I’m shooting a sit-com with a buddy and we’re going to shop that around. That wasn’t an option 20 years ago.

 Are you crowd sourcing for it?

We have a production company attached so they are lining up private money. If we do sell it, it’s one of those good problems, because we have to cut other people into the slice of the pie. I’m shooting a new special in a few weeks. Warner Brothers is my rep and they’re just going to make it, shop it around, and if nobody wants it, it will live on and make money in other ways over time. It’s like the DIY model is much more feasible level than ever before.

Whatever happened to, “Hey, you’re a stand-up comic who tells jokes. That’s good enough!”

It’s frustrating. I was having a lunch with Jake Johannsen a few weeks ago. You know who he is, but the overwhelming majority do not. Even younger stand-up don’t know, which I think is a crime. We were talking about Instagram and Twitter and all these things. He made a really good special a few years ago and it’s great but it didn’t get picked up. He was speculating its because his social media numbers are low. Its no longer about content its about how many built-in viewers does this entity bring? I know this is true, because I host a new show on the Playboy Channel, I’m the morning host. The execs told the booker who books the guests, a mandate was given that said, don’t book any comics unless they have real good social media numbers.

What’s a good Twitter number to get on the Playboy Channel morning show?

6 figures. 100,000 plus. The guests who are a million plus make the execs real real happy. Comics have been reduced to metrics.

Somebody can be fantastic on Twitter and be a terrible comic.

It’s not one and the same. It’s a weird marketing thing. A lot of comics do weird, esoteric stuff on Twitter and then people come see them and their comedy is long auto-biographical stories. Will they come back?

It’s a different golden age then the 80s boom.

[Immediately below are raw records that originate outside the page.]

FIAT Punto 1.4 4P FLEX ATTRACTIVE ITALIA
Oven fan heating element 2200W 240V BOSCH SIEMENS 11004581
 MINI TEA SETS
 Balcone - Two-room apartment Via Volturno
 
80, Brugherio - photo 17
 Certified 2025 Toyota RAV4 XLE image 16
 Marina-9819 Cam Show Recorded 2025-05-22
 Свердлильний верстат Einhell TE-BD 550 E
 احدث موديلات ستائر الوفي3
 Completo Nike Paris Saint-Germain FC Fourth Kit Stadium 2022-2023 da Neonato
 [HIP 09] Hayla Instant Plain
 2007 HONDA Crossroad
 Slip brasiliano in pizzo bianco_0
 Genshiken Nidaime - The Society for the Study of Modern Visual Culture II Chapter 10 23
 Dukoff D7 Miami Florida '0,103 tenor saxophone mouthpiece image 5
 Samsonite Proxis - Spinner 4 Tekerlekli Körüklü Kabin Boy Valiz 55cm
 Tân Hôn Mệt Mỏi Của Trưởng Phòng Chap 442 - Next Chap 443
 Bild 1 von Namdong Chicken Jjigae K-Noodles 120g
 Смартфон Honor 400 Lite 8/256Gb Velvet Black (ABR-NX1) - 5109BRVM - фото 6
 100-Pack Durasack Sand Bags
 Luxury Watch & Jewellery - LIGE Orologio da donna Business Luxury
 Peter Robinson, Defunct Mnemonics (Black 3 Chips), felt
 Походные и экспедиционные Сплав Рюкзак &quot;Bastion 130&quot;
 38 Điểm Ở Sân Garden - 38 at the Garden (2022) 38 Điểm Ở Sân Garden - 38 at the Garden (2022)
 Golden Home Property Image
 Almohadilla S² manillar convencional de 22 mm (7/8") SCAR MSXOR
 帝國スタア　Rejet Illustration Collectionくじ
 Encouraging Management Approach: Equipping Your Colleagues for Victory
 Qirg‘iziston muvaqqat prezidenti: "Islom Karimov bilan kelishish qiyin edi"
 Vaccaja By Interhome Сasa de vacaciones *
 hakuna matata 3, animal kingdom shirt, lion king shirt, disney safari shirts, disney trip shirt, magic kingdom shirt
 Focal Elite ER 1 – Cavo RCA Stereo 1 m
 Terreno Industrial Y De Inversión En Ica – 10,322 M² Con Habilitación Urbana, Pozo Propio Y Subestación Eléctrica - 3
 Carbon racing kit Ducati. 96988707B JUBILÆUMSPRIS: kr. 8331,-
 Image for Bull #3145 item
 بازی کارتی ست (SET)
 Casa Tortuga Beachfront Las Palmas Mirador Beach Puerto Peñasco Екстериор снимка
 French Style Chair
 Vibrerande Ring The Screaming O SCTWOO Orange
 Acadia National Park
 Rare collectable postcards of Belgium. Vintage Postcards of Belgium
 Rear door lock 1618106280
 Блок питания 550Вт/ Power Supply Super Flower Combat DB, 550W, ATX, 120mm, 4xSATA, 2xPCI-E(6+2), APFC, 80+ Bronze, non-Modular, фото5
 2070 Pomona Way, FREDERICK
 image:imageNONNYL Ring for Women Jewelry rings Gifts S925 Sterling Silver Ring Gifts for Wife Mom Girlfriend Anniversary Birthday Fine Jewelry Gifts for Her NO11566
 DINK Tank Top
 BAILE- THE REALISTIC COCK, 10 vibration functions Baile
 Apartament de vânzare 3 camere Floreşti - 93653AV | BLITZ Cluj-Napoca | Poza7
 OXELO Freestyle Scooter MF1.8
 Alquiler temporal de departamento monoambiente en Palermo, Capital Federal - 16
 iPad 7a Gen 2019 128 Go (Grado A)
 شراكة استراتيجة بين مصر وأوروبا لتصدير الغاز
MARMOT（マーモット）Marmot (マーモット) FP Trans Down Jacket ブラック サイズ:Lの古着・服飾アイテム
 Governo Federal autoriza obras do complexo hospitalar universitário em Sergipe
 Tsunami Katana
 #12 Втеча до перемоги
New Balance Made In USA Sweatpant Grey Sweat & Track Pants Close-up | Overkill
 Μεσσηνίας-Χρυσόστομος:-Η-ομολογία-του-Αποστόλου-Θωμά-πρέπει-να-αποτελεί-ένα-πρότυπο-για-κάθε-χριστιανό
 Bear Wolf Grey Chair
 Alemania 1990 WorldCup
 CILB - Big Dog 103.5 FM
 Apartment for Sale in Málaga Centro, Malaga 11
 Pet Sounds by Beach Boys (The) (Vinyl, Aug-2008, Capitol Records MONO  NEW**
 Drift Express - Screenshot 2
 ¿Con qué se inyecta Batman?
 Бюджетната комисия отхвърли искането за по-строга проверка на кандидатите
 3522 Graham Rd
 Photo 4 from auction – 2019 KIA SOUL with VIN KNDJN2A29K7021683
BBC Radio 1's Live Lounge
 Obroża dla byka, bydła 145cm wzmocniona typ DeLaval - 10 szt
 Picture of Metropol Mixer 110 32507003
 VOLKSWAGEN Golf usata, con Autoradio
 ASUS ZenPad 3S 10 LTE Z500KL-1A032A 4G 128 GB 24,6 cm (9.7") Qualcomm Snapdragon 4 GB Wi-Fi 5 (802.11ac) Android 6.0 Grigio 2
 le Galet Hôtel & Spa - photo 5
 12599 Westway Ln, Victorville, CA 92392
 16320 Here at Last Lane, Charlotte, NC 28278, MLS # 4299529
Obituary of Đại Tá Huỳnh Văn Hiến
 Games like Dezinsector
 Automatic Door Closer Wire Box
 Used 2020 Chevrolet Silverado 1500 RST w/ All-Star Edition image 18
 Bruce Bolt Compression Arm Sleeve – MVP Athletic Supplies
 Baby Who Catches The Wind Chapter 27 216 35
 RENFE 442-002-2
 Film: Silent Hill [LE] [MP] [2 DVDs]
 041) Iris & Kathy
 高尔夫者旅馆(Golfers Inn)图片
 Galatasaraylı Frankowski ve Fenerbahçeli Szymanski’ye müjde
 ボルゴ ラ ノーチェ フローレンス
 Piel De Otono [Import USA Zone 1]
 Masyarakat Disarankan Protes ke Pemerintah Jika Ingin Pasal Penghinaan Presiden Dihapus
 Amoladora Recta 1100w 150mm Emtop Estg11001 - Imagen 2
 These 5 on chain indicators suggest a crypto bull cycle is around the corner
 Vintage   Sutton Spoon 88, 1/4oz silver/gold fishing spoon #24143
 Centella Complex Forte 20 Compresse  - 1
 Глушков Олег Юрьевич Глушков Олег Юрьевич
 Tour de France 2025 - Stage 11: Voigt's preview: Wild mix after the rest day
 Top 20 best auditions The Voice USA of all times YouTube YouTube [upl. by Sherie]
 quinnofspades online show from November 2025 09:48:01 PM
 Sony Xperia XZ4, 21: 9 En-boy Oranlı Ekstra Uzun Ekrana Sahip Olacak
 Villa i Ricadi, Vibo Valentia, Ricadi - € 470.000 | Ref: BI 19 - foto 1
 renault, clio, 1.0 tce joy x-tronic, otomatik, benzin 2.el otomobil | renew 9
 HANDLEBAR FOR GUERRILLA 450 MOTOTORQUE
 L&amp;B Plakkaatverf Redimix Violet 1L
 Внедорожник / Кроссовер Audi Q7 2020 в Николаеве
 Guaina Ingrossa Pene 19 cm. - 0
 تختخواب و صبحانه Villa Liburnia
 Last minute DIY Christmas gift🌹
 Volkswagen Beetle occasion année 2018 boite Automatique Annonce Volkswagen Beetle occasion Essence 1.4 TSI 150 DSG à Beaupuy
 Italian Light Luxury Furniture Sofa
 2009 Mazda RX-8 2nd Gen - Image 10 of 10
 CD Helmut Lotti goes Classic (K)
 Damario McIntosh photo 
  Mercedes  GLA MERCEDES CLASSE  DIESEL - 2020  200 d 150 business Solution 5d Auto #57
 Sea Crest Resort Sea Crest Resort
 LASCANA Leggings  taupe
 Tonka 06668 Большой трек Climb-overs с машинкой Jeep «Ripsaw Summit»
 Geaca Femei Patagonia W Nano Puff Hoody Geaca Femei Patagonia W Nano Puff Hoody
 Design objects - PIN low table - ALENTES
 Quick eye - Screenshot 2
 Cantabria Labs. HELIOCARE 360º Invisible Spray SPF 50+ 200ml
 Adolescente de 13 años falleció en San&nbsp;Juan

Yup. Back then all club owners wanted you to do was kill it. If you had a funny 45 minutes you made a good living, blah, blah, blah. Now you can crush a room, but if it’s only half full, that’s all the club remembers.

Do you think when you have a corporation that controls comedy clubs, bottom line will always be seen through economic parameters. But when you have an individually owned comedy club, like Roosters, comedians are more appreciated for their talent?

Absolutely. The Improv has been very good to me, but, I’m low priority on their booking because I don’t sell out the room. GMs of those clubs will talk about some minor celebrity they had the week before, who now does stand-up, and sold out the room. I ask how the show was and they say, and this happens all the time, “It was fucking terrible.” But at the end of the day, the club made its money. So you’re right, the corporatization of comedy clubs and chains could care less about stand-up. Stockholders just want to make money.

What’s the upside?

A lot of comics are like, “Fuck those guys.” Comics are doing their own bookings with rock clubs, coffee shops, whatever. Look at Doug Stanhope, he’s a fucking hero, I’m a big fan. His career may not look like one of the new comedy hotshots, but I think it’s one of the best careers. He does stand-up exactly the way he wants to do it. He tours based on stand and demand. He self-deprecates his career, but he has done a really good job of building a relationship with his fan base. He makes a good living and he makes art, he puts out important stand-up.

Do you think comics need to readjust the economic viability of a career in comedy? Like forget about the high life, how about just earning enough to pay the bills and raise a family? Isn’t that still a worthwhile goal?

Life in general is managing expectations. If you really only cared about making money, then why pick stand-up in the first place, there are so many better options.




One response to “Dan Cummins: Heroes and Zeroes.”

  1. Wes Hofmann says:

    Great interview – cool guy! I was fortunate enough to perform with him at San Jose State once.